In [2]:
% reset -f

In [10]:
from __future__ import print_function

import itertools

# download punkt model for sentence tokenizer
# using nltk.download()
from nltk.tokenize import sent_tokenize, word_tokenize

from my_nltk.model.counter import build_vocabulary
from entropy_functions import clean_text

# english corpus
with open('../data/en.txt') as corpus_file:
    input_text = corpus_file.read()

# tokenize
# run experiment with data cleaned
sents = [word_tokenize(clean_text(sent)) for sent in sent_tokenize(input_text)]
# run experiment without cleaning the data
#sents = [word_tokenize(sent) for sent in sent_tokenize(input_text)]

# create a vocabulary (it could be used for filtering unfrequent words)
vocabulary = build_vocabulary(1, itertools.chain(*sents))

In [11]:
from my_nltk.model.counter import count_ngrams
from my_nltk.model.ngram import NgramModel

n_gram = {}
for n in [1, 2, 3]:
    # store models for testing
    n_gram[n] = NgramModel(count_ngrams(n, vocabulary, sents))
    print("{} corpus using {}-gram. H: {:.3f} perplexity: {:.3f}".format('en.txt', n, n_gram[n].entropy(), n_gram[n].perplexity()))

en.txt corpus using 1-gram. H: 10.560 perplexity: 1509.917
en.txt corpus using 2-gram. H: 6.064 perplexity: 66.881
en.txt corpus using 3-gram. H: 2.106 perplexity: 4.306


In [None]:
#results with method 2
#en.txt corpus using 1-gram. H: 10.560 perplexity: 1509.917
#en.txt corpus using 2-gram.
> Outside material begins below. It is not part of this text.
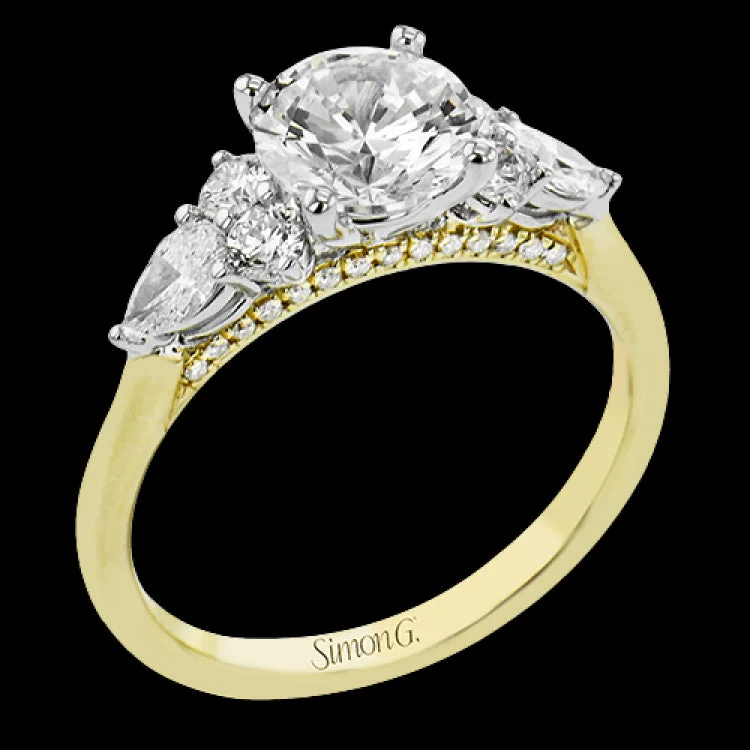 LR2563 ENGAGEMENT RING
H: 5.884 perplexity: 59.038
#en.txt corpus using 3-gram. H: 2.182 perplexity: 4.538
% reset -f

In [1]:
from __future__ import print_function

from entropy_functions import get_tagged_words_from_file, get_words_from_tagged_sents
from entropy_functions import get_tagged_sents, clean_tagged_sent
from my_nltk.model.counter import build_vocabulary

# create one unique sentence from the file
#tagged_words = get_tagged_words_from_file('../data/taggedBrown.txt')
#tagged_sents = [clean_tagged_sent(tagged_words)]

# use sentences from the news category in the brown corpus 
# run experiment with data cleaned
tagged_sents = [clean_tagged_sent(tagged_sent) for tagged_sent in get_tagged_sents()]

# run experiment without cleaning the data
#tagged_sents = [tagged_sent for tagged_sent in get_tagged_sents()]

# define/override words using the cleaned sentences
tagged_words = get_words_from_tagged_sents(tagged_sents)

# create a vocabulary (it could be used for filtering unfrequent words)
vocabulary = build_vocabulary(1, tagged_words)

In [2]:
from my_nltk.model.counter import smooth_count_ngrams

# playing around with n-grams

# number n for creating a n-gram
n = 3
# number of components to be smoothed. it can take
# values in [0, n]
smooth = 1
cnt = smooth_count_ngrams(n, vocabulary, smooth, [])
# show 3-grams for the first sentence 
cnt.to_ngrams(tagged_sents[0])

[('<s>', '<s>', 'the'),
 ('<s>', 'the', 'fulton'),
 ('<DET>', 'fulton', 'county'),
 ('<NOUN>', 'county', 'grand'),
 ('<NOUN>', 'grand', 'jury'),
 ('<ADJ>', 'jury', 'said'),
 ('<NOUN>', 'said', 'friday'),
 ('<VERB>', 'friday', 'an'),
 ('<NOUN>', 'an', 'investigation'),
 ('<DET>', 'investigation', 'of'),
 ('<NOUN>', 'of', 'atlantas'),
 ('<ADP>', 'atlantas', 'recent'),
 ('<NOUN>', 'recent', 'primary'),
 ('<ADJ>', 'primary', 'election'),
 ('<NOUN>', 'election', 'produced'),
 ('<NOUN>', 'produced', 'no'),
 ('<VERB>', 'no', 'evidence'),
 ('<DET>', 'evidence', 'that'),
 ('<NOUN>', 'that', 'any'),
 ('<ADP>', 'any', 'irregularities'),
 ('<DET>', 'irregularities', 'took'),
 ('<NOUN>', 'took', 'place'),
 ('<VERB>', 'place', '</s>'),
 ('<NOUN>', '</s>', '</s>')]

In [3]:
import nltk
from nltk.util import ngrams

from my_nltk.model.counter import smooth_count_ngrams
from my_nltk.model.ngram import NgramModel

import itertools

msg = "{corpus} corpus using {n}-gram with {smooth} smoothed components. H: {entropy:.6f} Perplexity: {perplexity:.6f}"

n=3
brown_trigram = {}
for corpus_size in [1, 2, 4]:
    
    # select a proportion of the sentences of the corpus (keep words proportion) 
    sents_ratio = 1./corpus_size

    if len(tagged_sents) == 1:
        selected_tagged_sents = [tagged_sents[0][:int(len(tagged_words) * sents_ratio)]]
    else:
        selected_tagged_sents = tagged_sents[:int(len(tagged_sents) * sents_ratio)]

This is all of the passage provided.